Prajurit-pajurit yang telah melalui pertempuran itu bersiap untuk kembali ke dalam tembok. Mata mereka penuh dengan kelelahan dan luka-luka yang dialami selama ekspedisi, tetapi juga dipenuhi dengan semangat dan keberanian.

Ketika prajurit-pajurit kembali ke dalam tembok, terlihat perbedaan kondisi di antara mereka. Beberapa yang masih cukup kuat menunggangi kuda dengan gagah, sementara yang mengalami luka-luka yang cukup parah harus menaiki gerobak yang ditarik kuda, diawaki oleh rekan prajurit yang masih mampu bertempur. Meskipun fisik mereka terkoyak-koyak, semangat untuk melindungi Adarlan tetap membara di dalam hati mereka.
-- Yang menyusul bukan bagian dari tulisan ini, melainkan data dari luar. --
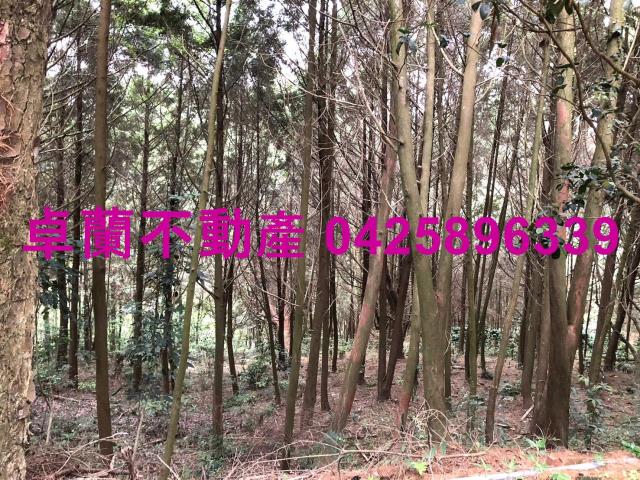 卓蘭林地-11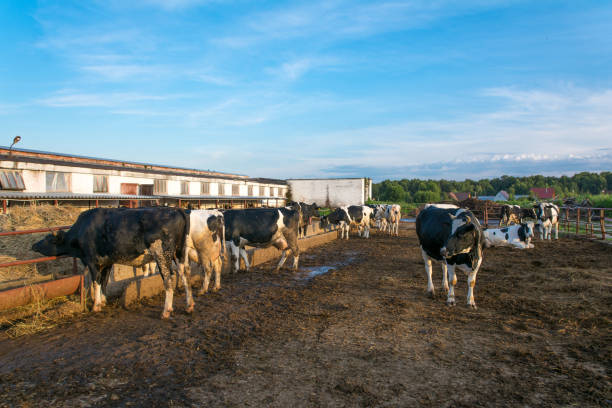 krowy w gospodarstwie - nowt zdjęcia i obrazy z banku zdjęć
Perasaan Mirko sebagai pemimpin Pasukan Khusus, sangat bangga dan senang. Bagaimana tidak? Dalam ekspedisi ini, tidak ada satupun nyawa yang hilang. Mirko benar-benar bersyukur tentang hal ini. Dia merasa telah memenuhi tanggung jawan sebagai pemimpin yang menjaga prajuritnya.

Warga-warga di tepi tembok berkumpul, membentuk lorong untuk prajurit-prajurit yang kembali dari ekspedisi. Mereka memberi hormat dengan tatapan tulus yang penuh terima kasih, merayakan kepahlawanan dan pengorbanan yang telah dilakukan oleh pasukan tersebut.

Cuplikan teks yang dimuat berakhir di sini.